* **Exercise details**:
The data below holds the lines to copy: everything from the line containing "不同档次藏狼酒实物对比：简装、礼盒装、陶瓷瓶装，背景为酿酒车间环境_1" to the line containing "3 Bedroom Flat", both ends included, set down exactly.

* **Records provided**:
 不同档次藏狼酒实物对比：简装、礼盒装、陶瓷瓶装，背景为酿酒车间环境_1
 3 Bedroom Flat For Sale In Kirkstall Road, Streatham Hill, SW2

==

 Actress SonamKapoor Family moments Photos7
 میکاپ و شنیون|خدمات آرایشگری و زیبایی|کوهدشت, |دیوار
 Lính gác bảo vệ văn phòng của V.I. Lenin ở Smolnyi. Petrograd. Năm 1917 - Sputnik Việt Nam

* **Response to the task**:
 不同档次藏狼酒实物对比：简装、礼盒装、陶瓷瓶装，背景为酿酒车间环境_1
 3 Bedroom Flat For Sale In Kirkstall Road, Streatham Hill, SW2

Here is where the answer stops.